Then I define my model, which I am going to tune all of the hyperparameters in an xgboost model later.

Code

xg_mod <-   boost_tree(
  trees = tune(), 
  learn_rate = tune(),
  tree_depth = tune(), 
  min_n = tune(),
  loss_reduction = tune(), 
  sample_size = tune(), 
  mtry = tune(), 
  ) %>% 
  set_mode("classification") %>% 
  set_engine("xgboost", nthread = cores)

With a recipe and a model definition, I can create a workflow, which will now handle a whole lot of chores for me.

Code

bracket_wflow <- 
  workflow() %>% 
  add_model(xg_mod) %>% 
  add_recipe(xg_rec)

To tune my hyperparameters, I am going to use a Latin Hypercube, which is a method for generating near-random samples of paremeters to try.

Code

xgb_grid <- grid_latin_hypercube(
  trees(),
  tree_depth(),
  min_n(),
  loss_reduction(),
  sample_size = sample_prop(),
  finalize(mtry(), bracket_train),
  learn_rate(),
  size = 30
)

To test these hyperparemeters, I am going to make some cross-fold valiations samples that we can use.

Code

bracket_folds <- vfold_cv(bracket_train)

And now comes the part that makes my laptop fan turn into a jet engine. The next block uses parallel processing to try the 30 samples from the Latin Hypercube and tests it against my cross fold validation samples. It … takes a while.

Code

doParallel::registerDoParallel(cores = cores)

xgb_res <- tune_grid(
  bracket_wflow,
  resamples = bracket_folds,
  grid = xgb_grid,
  control = control_grid(save_pred = TRUE)
)

doParallel::stopImplicitCluster()

But out of it, we get the best combination of hyperparameters to use as inputs into our model. I’m going to use area under the curve as my evaluation metric to determine what is best.

Code

best_roc <- select_best(xgb_res, "roc_auc")

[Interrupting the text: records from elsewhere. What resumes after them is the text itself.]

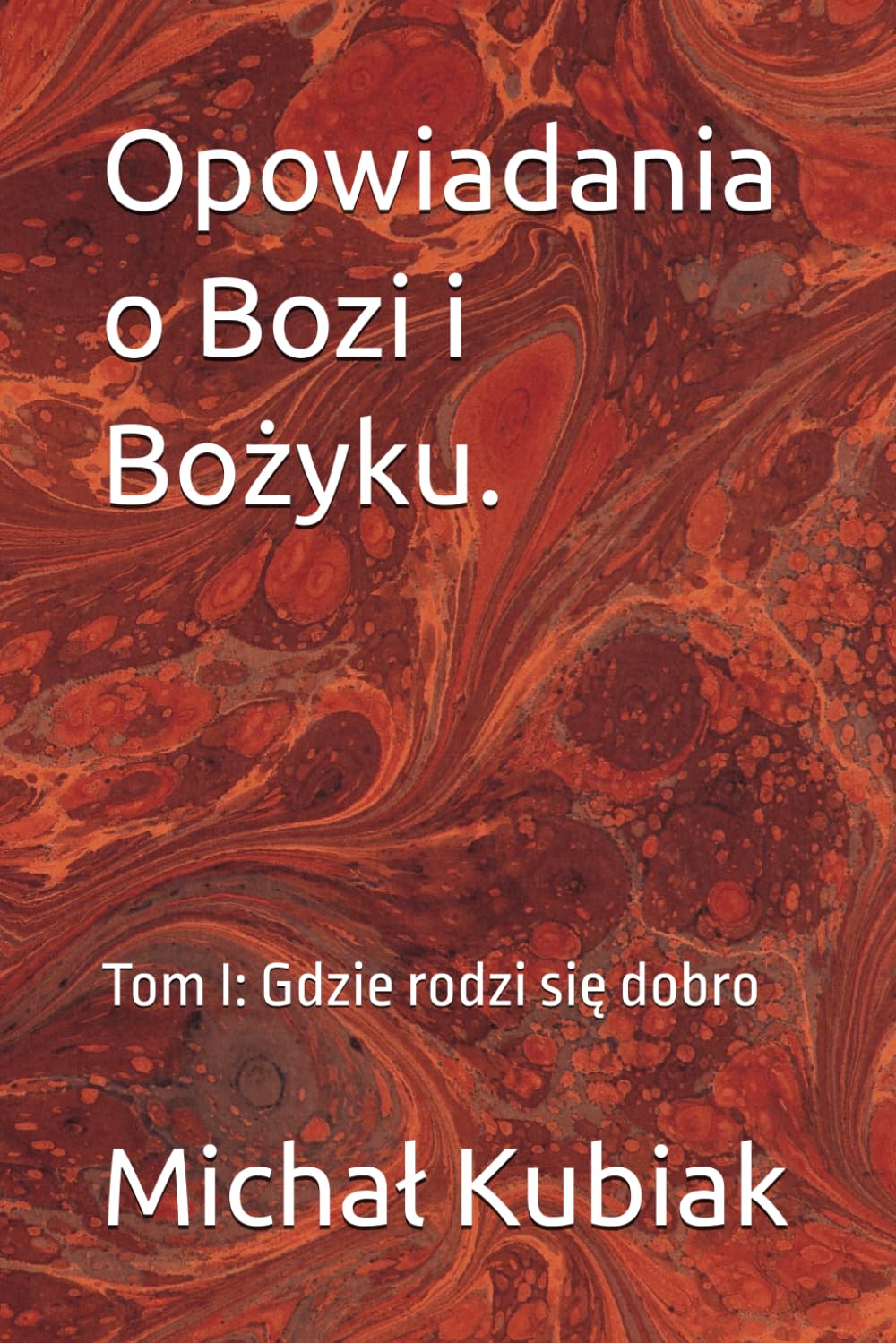 Opowiadania o Bozi i Bożyku.: Tom I: Gdzie rodzi się dobro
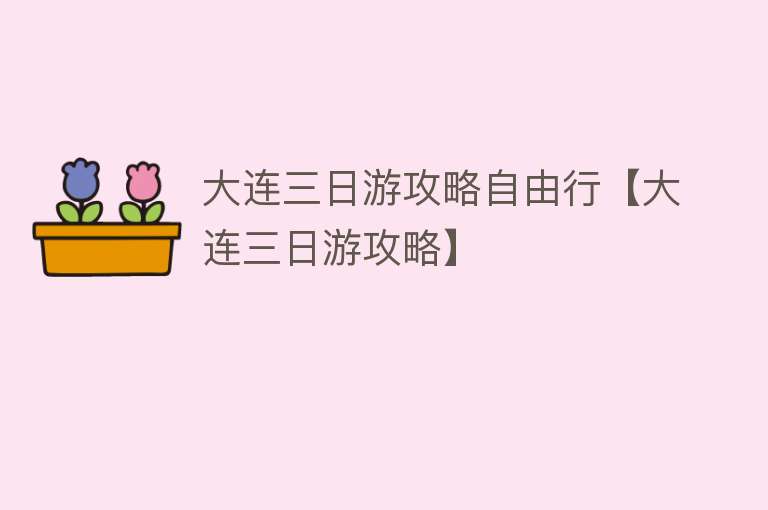 大连三日游攻略自由行【大连三日游攻略】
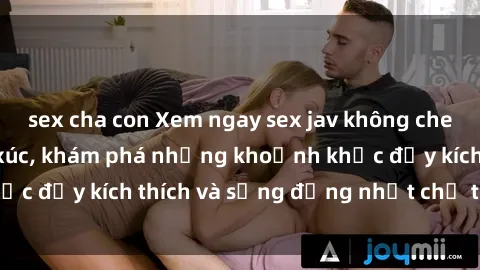 sex cha con Xem ngay sex jav không che để thỏa mãn cảm xúc, khám phá những khoảnh khắc đầy kích thích và sống động nhất chỉ trong click!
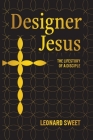 Designer Jesus: The Lifestory of a Disciple By Leonard Sweet Cover Image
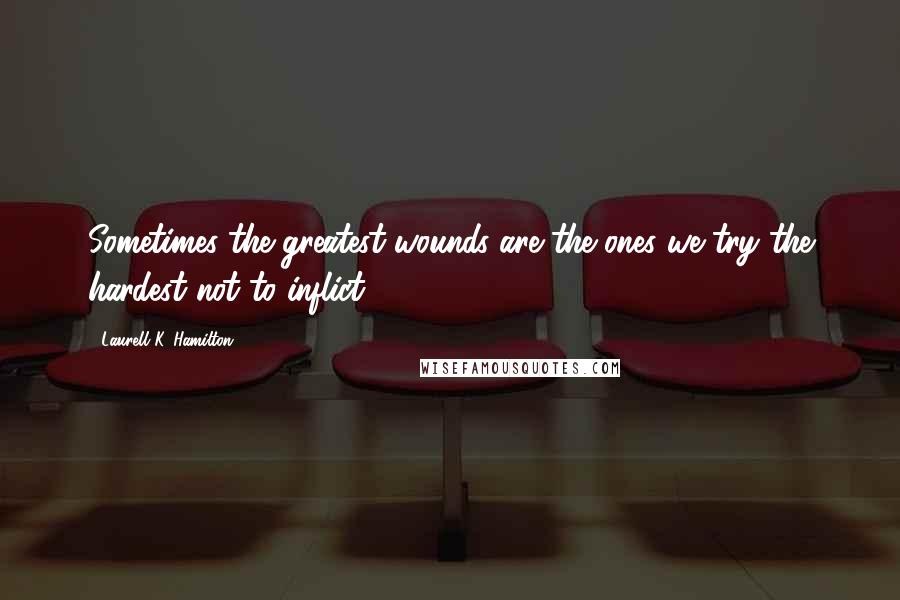 Laurell K. Hamilton Quotes: Sometimes the greatest wounds are the ones we try the hardest not to inflict.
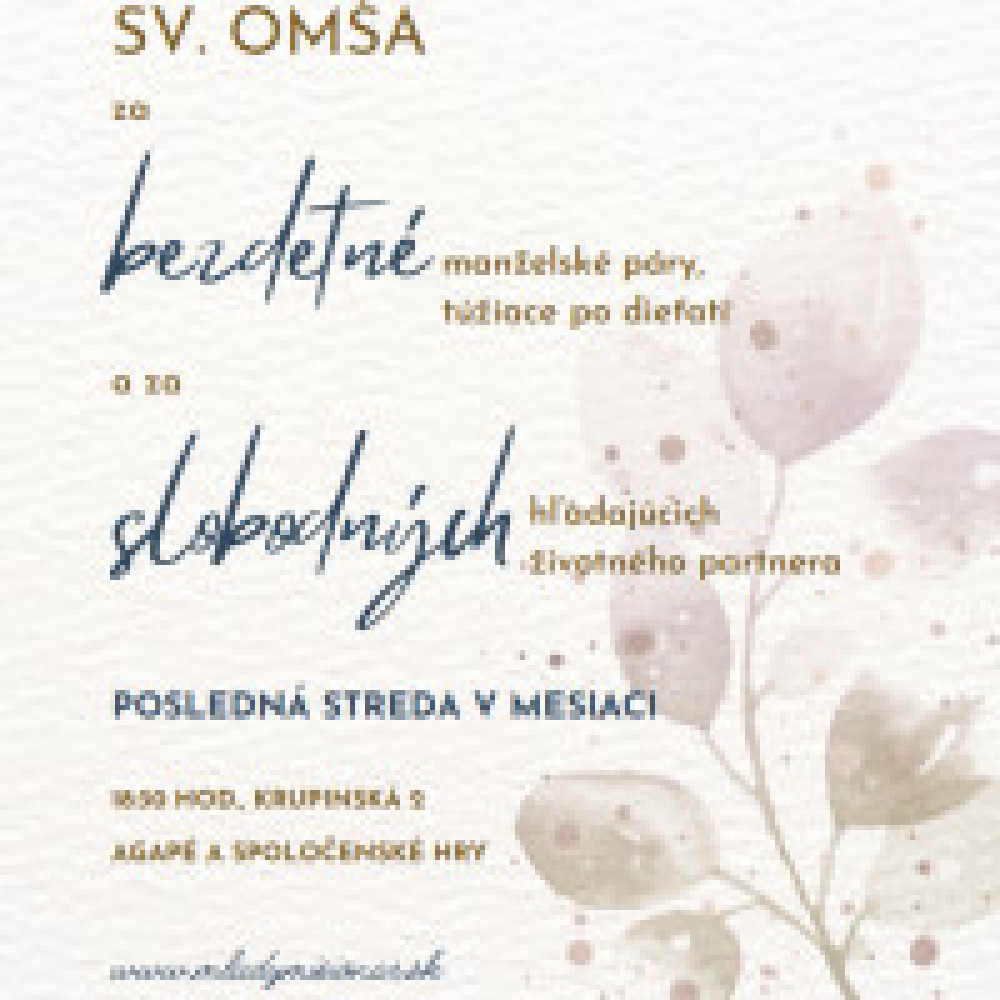 Sv.omša za bezdetných manželov a za slobodných + spoločenské hry/diskusia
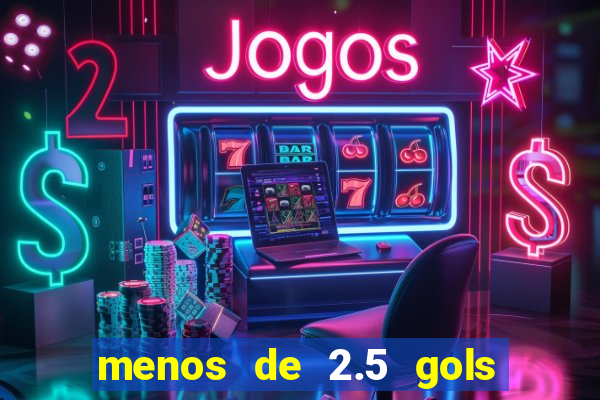 menos de 2.5 gols o que significa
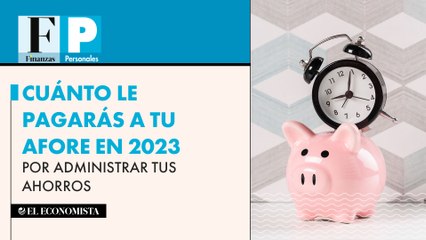 Cuánto le pagarás a tu afore en 2023 por administrar tus ahorros
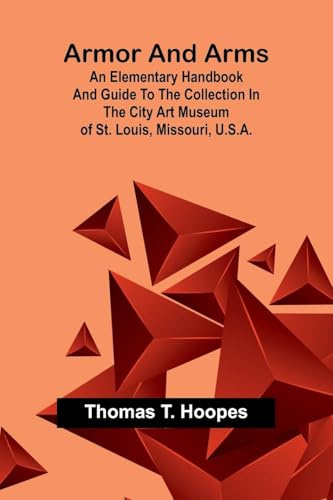 Armor And Arms; An Elementary Handbook And Guide To The Collection In The City Art Museum Of St. Louis, Missouri, U.S.A.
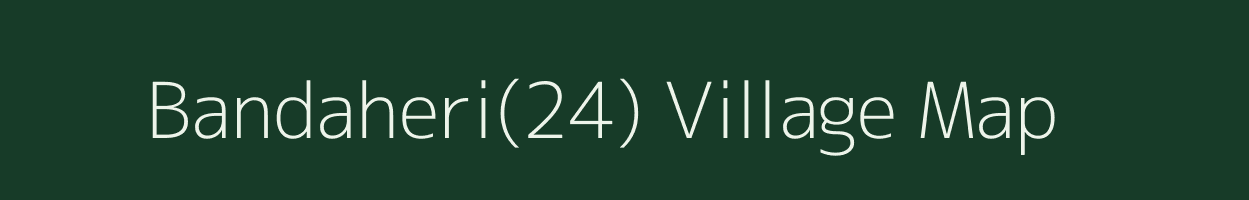 Bandaheri(24) village map in Haryana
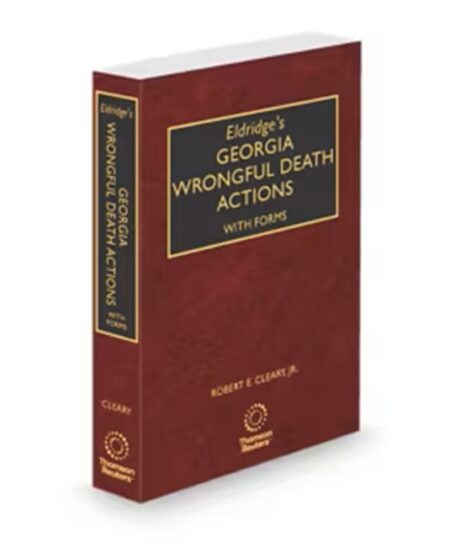 Eldridge's Georgia Wrongful Death Actions with Forms, 2025-2026 ed.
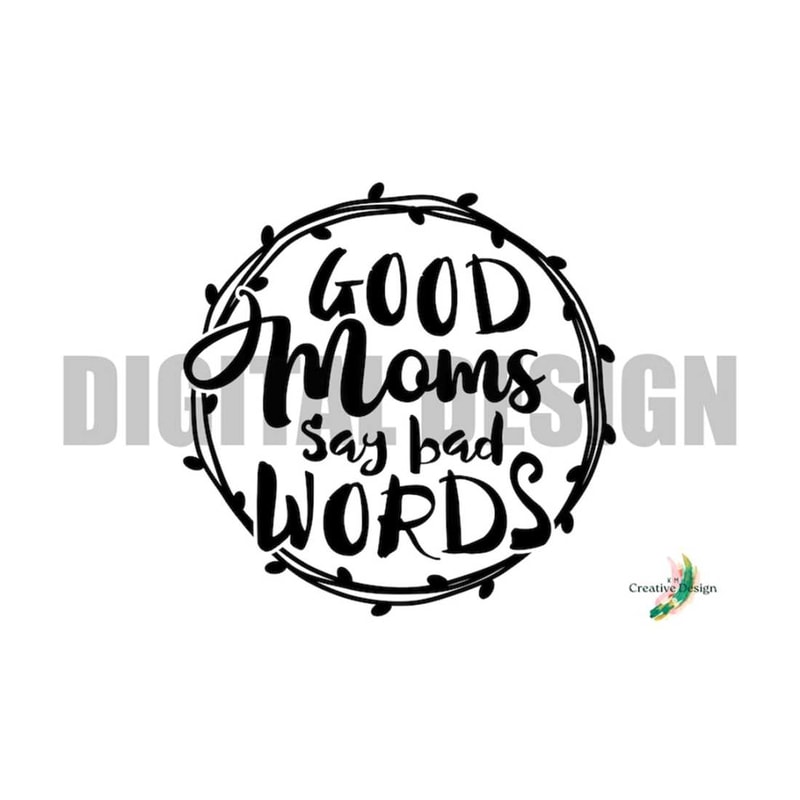 MR-3010202310439-good-moms-bad-words-svg-png-digital-design-cricut-silhouette-image-1.jpg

And I can now feed that into my final workflow.

Code

final_xgb <- finalize_workflow(
  bracket_wflow,
  best_roc
)

And I can now train a model to use on bracket games.

Code

xg_fit <- 
  final_xgb %>% 
  fit(data = bracket_train)

Evaluating the model

So how does this model do?

Code

trainresults <- bracket_train %>%
  bind_cols(predict(xg_fit, bracket_train))

metrics(trainresults, truth = Outcome, estimate = .pred_class)

# A tibble: 2 × 3
  .metric  .estimator .estimate
  <chr>    <chr>          <dbl>
1 accuracy binary         0.719
2 kap      binary         0.438

Against my training set, not bad. I can predict the correct outcome of a basketball game better than 70 percent of the time.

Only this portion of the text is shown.